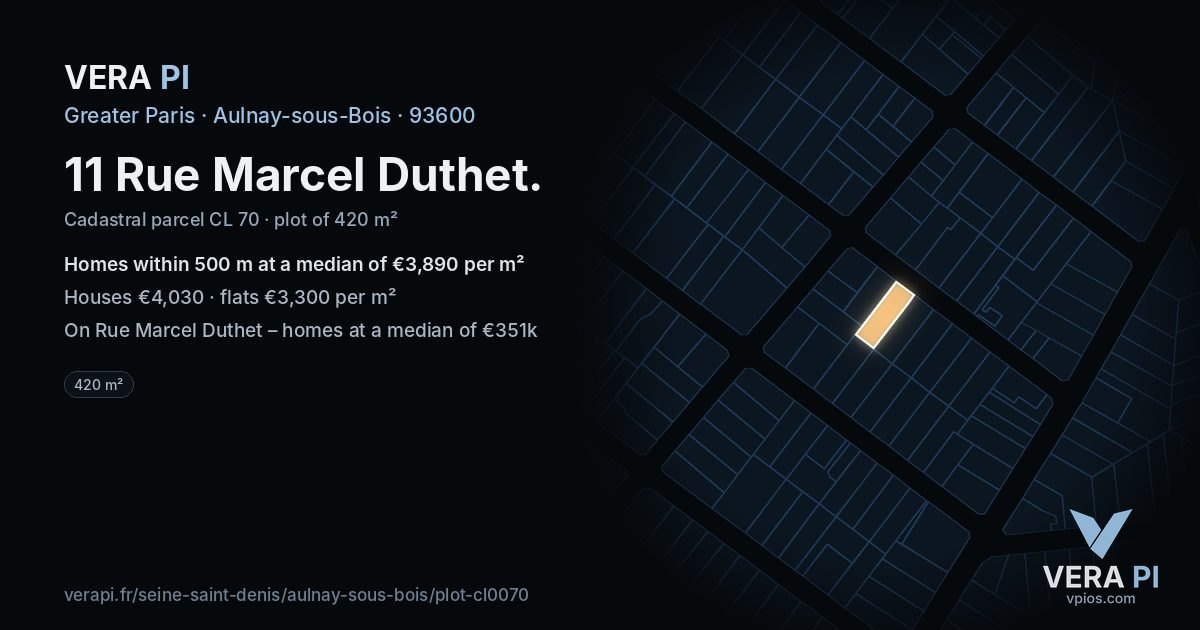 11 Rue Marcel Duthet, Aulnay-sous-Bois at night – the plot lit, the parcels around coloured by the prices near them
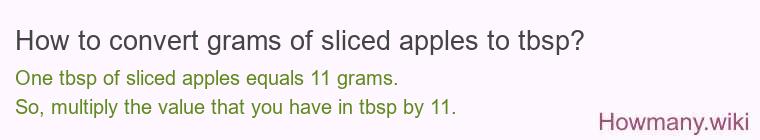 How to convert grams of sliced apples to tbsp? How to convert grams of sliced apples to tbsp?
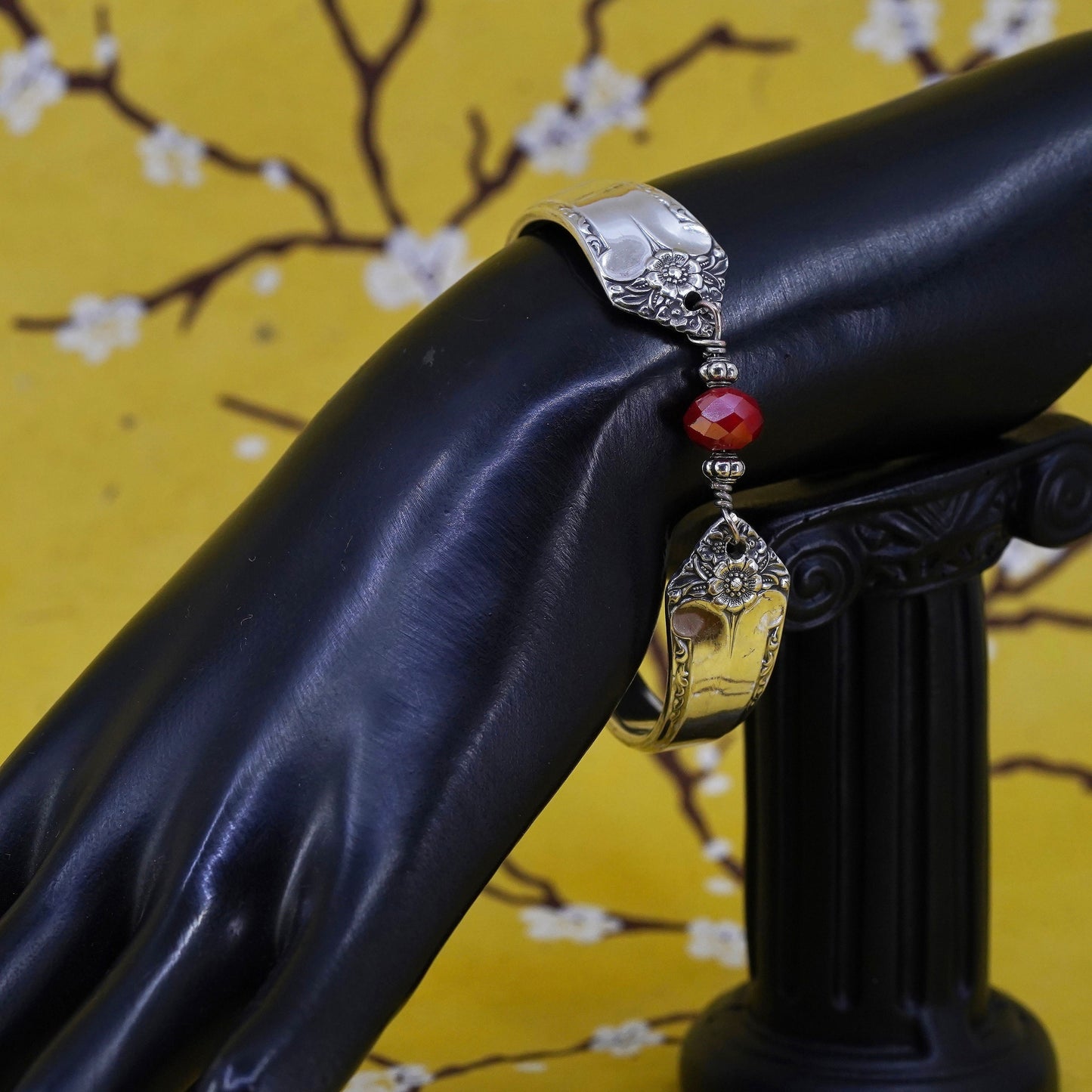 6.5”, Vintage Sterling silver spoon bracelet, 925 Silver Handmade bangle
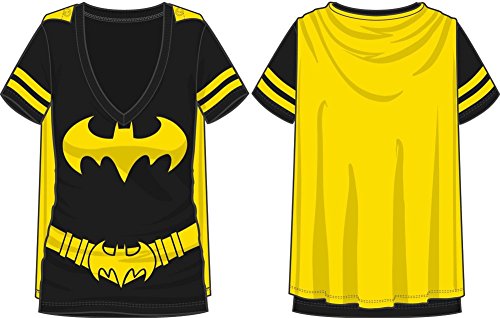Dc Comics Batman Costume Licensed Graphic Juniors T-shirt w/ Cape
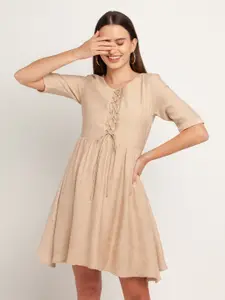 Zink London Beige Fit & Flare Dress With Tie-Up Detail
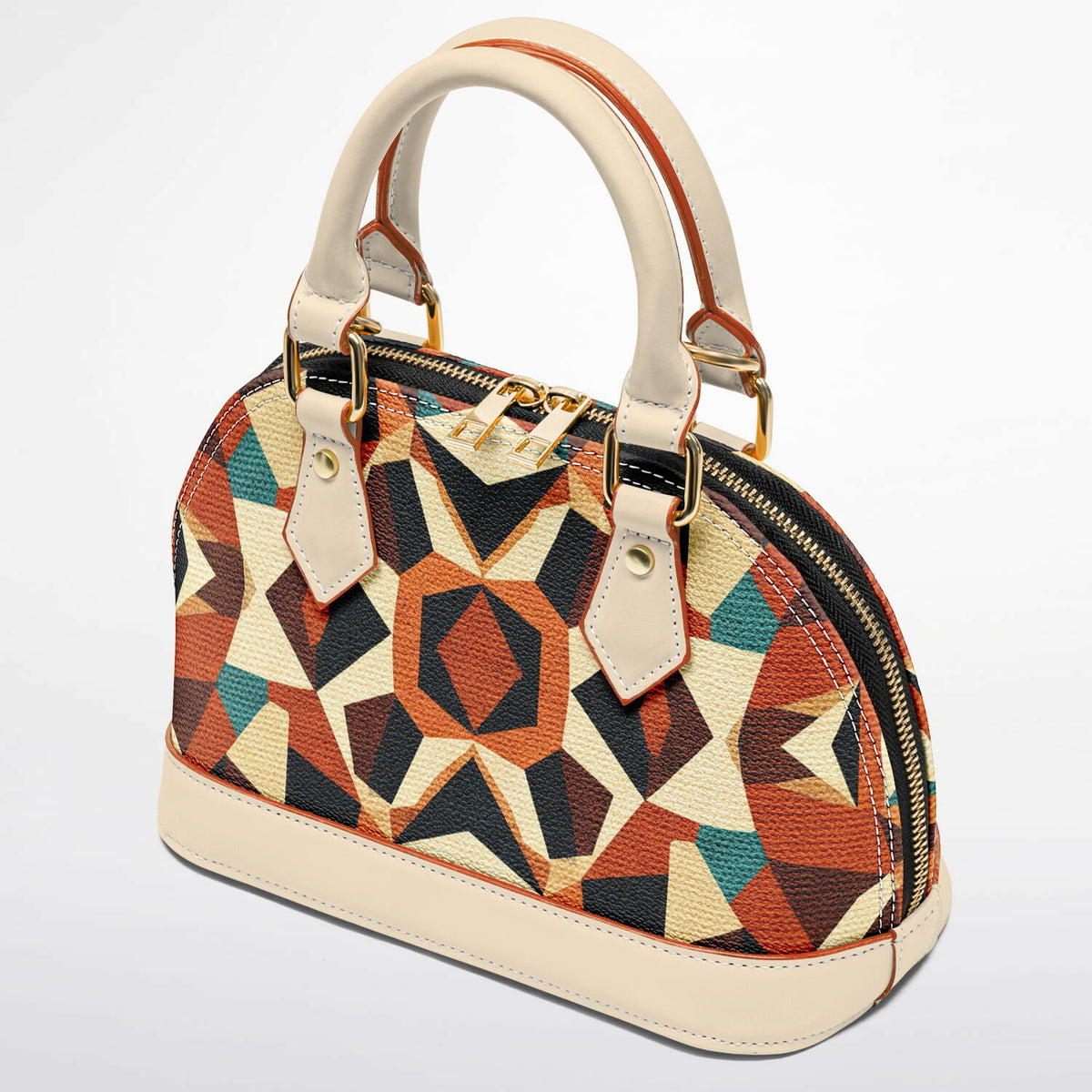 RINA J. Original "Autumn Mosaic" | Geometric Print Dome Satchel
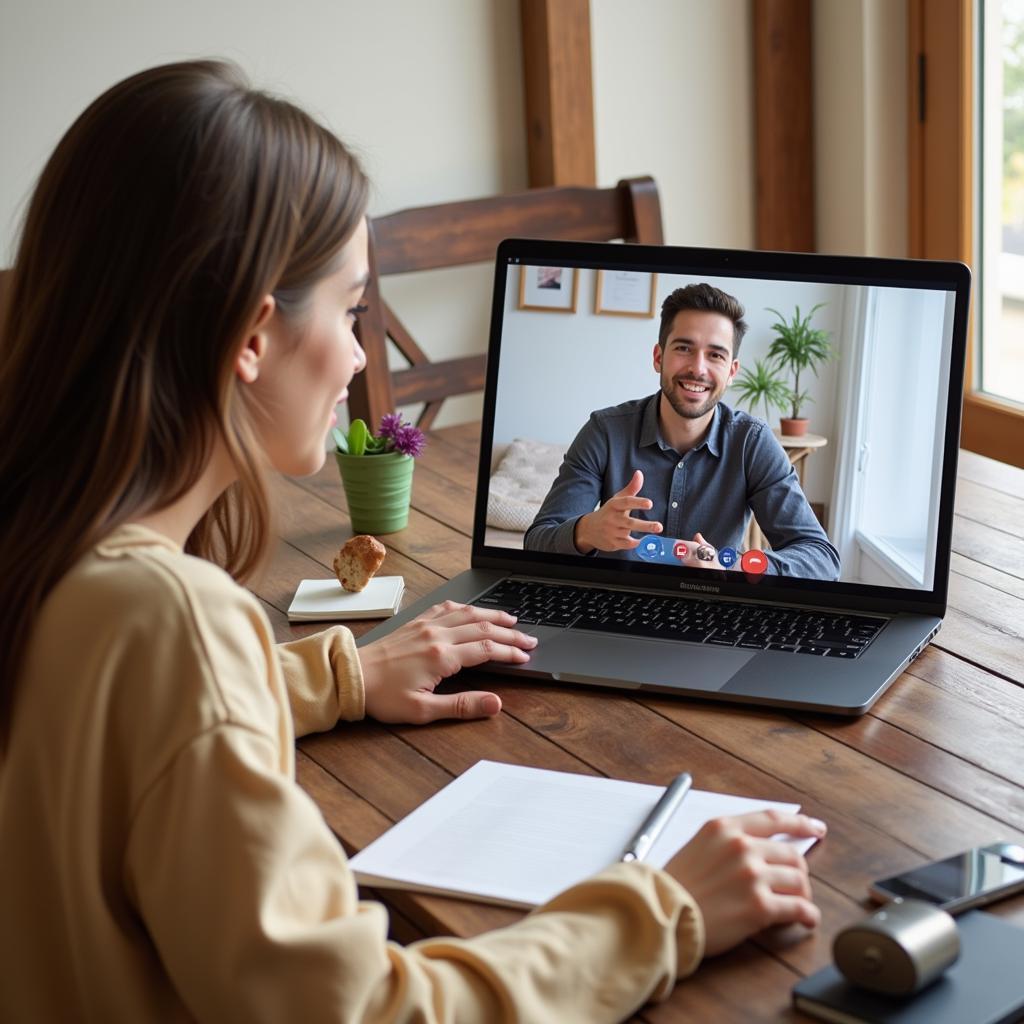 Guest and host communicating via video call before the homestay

== Problem ==
Skip the pictures, then write out every entry exactly.

== Response ==
 11 Rue Marcel Duthet, Aulnay-sous-Bois at night – the plot lit, the parcels around coloured by the prices near them
 How to convert grams of sliced apples to tbsp? How to convert grams of sliced apples to tbsp?
 6.5”, Vintage Sterling silver spoon bracelet, 925 Silver Handmade bangle
Dc Comics Batman Costume Licensed Graphic Juniors T-shirt w/ Cape
 Zink London Beige Fit & Flare Dress With Tie-Up Detail
 RINA J. Original "Autumn Mosaic" | Geometric Print Dome Satchel
 Guest and host communicating via video call before the homestay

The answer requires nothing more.